Já faz tempo que o Coringa infesta o cinema com suas diversas encarnações. Temos sua interpretação definitiva com Heath Ledger passando pelo célebre trabalho de Jack Nicholson e também pela esquecível construção cometida por Jared Leto, sem falar na versão pastelão da série dos anos 60 feita por Cesar Romero. Pela primeira vez, contudo, temos um estudo de personagem complexo focado exclusivamente em um dos maiores (o maior?) vilão das Hq's.

Escolhido pra capitanear o projeto, Todd Phillips sempre foi o pé atrás de quem assistia trailers sobre o filme. Poderia o diretor da trilogia "Se Beber Não Case” extrair densidade de um personagem tão controverso? E a resposta para essa questão, felizmente é positiva. “Coringa” (“Joker” no original) tem peso e é dirigido com mãos firmes e mente aberta para absorver uma gama gigante de referências e homenagens.

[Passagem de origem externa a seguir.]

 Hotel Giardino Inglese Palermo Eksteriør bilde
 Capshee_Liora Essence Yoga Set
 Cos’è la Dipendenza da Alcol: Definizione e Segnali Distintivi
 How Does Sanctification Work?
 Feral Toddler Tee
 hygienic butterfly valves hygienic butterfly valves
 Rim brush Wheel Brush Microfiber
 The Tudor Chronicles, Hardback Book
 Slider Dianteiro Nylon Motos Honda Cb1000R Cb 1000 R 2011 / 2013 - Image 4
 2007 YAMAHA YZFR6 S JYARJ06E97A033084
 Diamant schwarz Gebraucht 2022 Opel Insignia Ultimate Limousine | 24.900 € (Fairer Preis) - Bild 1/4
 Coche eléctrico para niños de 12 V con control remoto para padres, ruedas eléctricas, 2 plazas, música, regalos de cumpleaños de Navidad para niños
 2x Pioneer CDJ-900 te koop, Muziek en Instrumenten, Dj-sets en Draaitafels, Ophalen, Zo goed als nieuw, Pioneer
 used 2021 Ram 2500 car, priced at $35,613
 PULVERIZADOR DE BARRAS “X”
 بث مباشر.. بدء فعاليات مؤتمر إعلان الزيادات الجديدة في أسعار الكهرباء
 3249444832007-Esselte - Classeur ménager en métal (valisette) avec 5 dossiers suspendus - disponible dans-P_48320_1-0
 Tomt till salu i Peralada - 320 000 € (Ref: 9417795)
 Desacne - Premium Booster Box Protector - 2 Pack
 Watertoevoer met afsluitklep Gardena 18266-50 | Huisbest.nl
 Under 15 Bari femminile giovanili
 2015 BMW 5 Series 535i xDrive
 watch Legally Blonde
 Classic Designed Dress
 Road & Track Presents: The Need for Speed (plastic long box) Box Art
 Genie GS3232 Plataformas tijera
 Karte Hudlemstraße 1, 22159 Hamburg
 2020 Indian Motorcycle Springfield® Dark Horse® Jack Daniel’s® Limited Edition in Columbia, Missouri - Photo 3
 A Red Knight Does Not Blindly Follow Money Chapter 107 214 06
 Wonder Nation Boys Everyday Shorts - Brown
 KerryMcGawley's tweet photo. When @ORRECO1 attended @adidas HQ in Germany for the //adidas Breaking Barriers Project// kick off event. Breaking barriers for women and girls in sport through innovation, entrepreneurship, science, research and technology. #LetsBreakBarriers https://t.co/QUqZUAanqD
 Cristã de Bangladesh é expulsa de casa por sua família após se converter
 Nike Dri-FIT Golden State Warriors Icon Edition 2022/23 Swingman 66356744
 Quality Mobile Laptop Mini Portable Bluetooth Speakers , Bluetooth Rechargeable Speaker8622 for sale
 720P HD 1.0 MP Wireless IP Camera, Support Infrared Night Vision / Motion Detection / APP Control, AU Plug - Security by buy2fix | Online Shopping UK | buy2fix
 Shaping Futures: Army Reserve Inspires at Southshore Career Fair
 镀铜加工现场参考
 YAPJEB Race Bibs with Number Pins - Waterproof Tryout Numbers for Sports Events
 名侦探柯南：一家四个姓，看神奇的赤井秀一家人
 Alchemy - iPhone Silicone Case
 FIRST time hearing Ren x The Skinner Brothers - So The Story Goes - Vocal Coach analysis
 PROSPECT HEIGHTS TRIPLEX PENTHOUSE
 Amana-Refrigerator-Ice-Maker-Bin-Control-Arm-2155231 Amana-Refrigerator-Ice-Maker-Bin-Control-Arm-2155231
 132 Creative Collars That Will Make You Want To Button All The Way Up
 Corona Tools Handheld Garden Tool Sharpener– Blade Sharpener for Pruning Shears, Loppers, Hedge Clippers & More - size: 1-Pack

Acompanhando Arthur Fleck (Joaquin Phoenix) em sua fase pré palhaço assassino, vemos uma figura triste a afetada pela vida e pelo mundo que o rodeia. Seus graves problemas psicológicos são expostos sem filtro com a intenção de criar maior identificação e empatia com o protagonista. Nossa eterna torcida pelo vulnerável sendo usada contra nós. Ponto pra eles.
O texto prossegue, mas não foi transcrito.